High Efficiency Water Splitting using Ultrasound Coupled to a BaTiO(3) Nanofluid

To date, a number of studies have reported the use of vibrations coupled to ferroelectric materials for water splitting. However, producing a stable particle suspension for high efficiency and long‐term stability remains a challenge. Here, the first report of the production of a nanofluidic BaTiO(3) suspension containing a mixture of cubic and tetragonal phases that splits water under ultrasound is provided. The BaTiO(3) particle size reduces from approximately 400 nm to approximately 150 nm during the application of ultrasound and the fine‐scale nature of the particulates leads to the formation of a stable nanofluid consisting of BaTiO(3) particles suspended as a nanofluid. Long‐term testing demonstrates repeatable H(2) evolution over 4 days with a continuous 24 h period of stable catalysis.
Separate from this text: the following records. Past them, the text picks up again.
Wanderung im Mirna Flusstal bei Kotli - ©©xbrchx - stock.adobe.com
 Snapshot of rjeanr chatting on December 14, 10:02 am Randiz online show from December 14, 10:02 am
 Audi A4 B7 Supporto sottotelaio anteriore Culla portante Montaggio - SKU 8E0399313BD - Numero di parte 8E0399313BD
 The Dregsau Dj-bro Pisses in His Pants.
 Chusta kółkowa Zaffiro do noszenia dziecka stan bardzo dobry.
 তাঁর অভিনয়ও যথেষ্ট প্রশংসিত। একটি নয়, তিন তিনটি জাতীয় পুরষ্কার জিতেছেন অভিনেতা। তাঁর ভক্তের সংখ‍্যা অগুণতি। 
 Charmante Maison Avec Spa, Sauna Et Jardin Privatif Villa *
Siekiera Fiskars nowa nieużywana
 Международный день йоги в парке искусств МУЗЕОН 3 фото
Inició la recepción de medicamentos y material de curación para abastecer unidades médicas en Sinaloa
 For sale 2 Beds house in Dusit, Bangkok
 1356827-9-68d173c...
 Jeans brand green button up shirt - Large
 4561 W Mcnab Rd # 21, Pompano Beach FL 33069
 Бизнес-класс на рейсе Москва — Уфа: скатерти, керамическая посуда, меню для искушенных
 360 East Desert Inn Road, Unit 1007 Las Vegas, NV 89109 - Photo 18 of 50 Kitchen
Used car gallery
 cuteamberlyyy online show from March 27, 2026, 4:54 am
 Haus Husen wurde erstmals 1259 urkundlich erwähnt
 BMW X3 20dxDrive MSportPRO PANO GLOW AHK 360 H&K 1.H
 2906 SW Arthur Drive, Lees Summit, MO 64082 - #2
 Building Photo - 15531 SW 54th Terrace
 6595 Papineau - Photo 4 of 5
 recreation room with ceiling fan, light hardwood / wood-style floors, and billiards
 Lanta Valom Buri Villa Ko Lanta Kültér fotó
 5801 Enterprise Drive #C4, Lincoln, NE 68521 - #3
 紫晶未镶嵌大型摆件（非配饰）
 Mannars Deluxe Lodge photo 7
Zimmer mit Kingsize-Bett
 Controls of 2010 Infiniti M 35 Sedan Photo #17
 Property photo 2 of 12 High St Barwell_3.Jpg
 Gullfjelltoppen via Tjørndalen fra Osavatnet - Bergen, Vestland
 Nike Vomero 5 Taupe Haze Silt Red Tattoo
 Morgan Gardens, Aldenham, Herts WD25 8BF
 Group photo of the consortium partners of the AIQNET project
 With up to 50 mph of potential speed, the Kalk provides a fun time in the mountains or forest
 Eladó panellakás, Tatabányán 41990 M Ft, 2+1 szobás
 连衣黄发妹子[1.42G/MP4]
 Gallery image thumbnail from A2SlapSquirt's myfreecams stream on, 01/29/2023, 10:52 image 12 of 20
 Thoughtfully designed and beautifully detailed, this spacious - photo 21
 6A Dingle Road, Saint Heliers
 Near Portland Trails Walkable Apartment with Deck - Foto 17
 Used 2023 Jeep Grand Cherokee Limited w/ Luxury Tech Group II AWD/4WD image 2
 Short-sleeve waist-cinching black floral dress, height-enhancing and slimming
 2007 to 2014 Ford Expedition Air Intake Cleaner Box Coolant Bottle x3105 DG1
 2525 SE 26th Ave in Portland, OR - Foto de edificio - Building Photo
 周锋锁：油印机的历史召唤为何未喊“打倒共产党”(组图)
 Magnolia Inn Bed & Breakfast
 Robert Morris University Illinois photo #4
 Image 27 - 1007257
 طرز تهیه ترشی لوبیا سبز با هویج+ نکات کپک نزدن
A maximum rate of H(2) evolution is found to be 270 mmol h(–1) g(–1) for a loading of 5 mg l(–1) of BaTiO(3) in 10% MeOH/H(2)O. This work indicates the potential of harnessing vibrations for water splitting in functional materials and is the first demonstration of exploiting a ferroelectric nanofluid for stable water splitting, which leads to the highest efficiency of piezoelectrically driven water splitting reported to date.